L’ordine di demolizione va qualificato come sanzione reale, che, sotto un profilo oggettivo, mira a ripristinare il regolare sviluppo ed assetto del territorio. Esso va quindi emesso nei confronti di chi sia titolare di un collegamento qualificato con il bene, idoneo a permettere un intervento sulla res funzionale alla concreta rimozione dell’abuso. Tale collegamento va riscontrato in capo al proprietario, anche se non è responsabile in via diretta. Quello che giuridicamente rileva è che abbia la materiale disponibilità del bene, che gli consenta di intervenire direttamente al ripristino dello stato dei luoghi. La mancata individuazione del responsabile materiale dell’abuso edilizio non può pertanto portare ad escludere che l’ordine di demolizione vada comunque rivolto al proprietario proprio perché questi, anche se estraneo all’abuso, rimane comunque il destinatario finale degli effetti del provvedimento, il cui contenuto dispositivo è, per l’appunto, la demolizione di un bene su cui egli vanta il proprio diritto (Cons. Stato, sez. VI, 10.5.2021, n. 3660).

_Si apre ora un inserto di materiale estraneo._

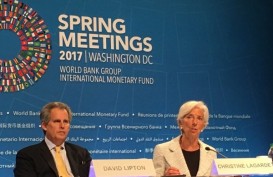 LAPORAN DARI WASHINGTON: Christine Lagarde Akui Kebijakan Fiskal RI Sudah Tepat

Non è necessario stabilire se il proprietario sia responsabile dell’abuso, in quanto l’art. 31 del DPR n. 380/2001 si limita a prevedere la legittimazione passiva del proprietario non responsabile all’esecuzione dell’ordine di demolizione, senza richiedere l’effettivo accertamento della sua responsabilità. Eventuali rapporti di dipendenza tra il proprietario e il responsabile dell’abuso ed il susseguirsi della proprietà, ma anche altri titoli adottati successivamente, sono irrilevanti ai fini della sua oggettiva responsabilità, stante la sua totale disponibilità dell’immobile al momento dell’adozione del provvedimento gravato.

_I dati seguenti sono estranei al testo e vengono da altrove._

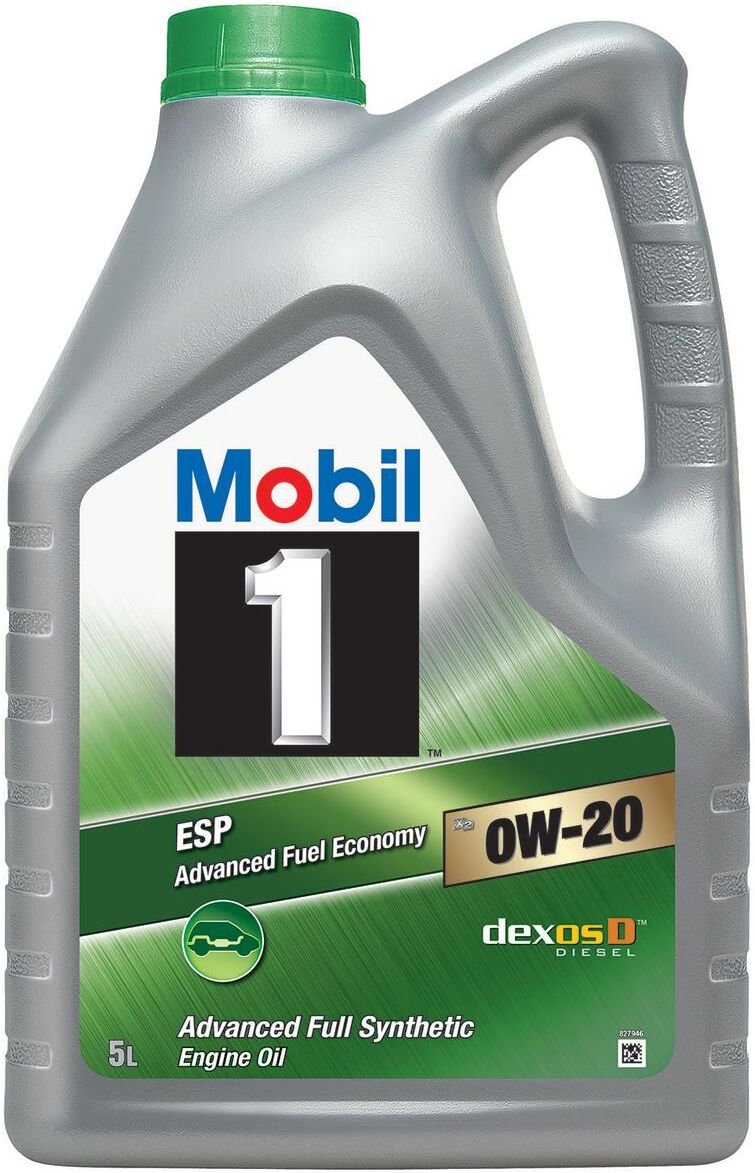Moottoriöljy Mobil 157784 Esp Formula 0w20 5l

Stante lo scopo meramente ripristinatorio dello status quo ante dell’ordinanza demolitoria, senza che vi sia, nella stessa, alcuna finalità punitiva e visto l’incontestato rapporto di natura reale che gli odierni appellanti all’immobile oggetto del giudizio, le ordinanze sono sufficientemente motivate.
Per l’adozione di un’ordinanza di ripristino non è richiesto l’accertamento della responsabilità materiale nell’illecito, ma piuttosto l’individuazione del soggetto titolare del diritto di eseguire l’ordine ripristinatorio, che nel caso specifico è il proprietario in virtù del suo diritto dominicale (Cons. Stato, sez. III, 19.2.2024, n. 1617).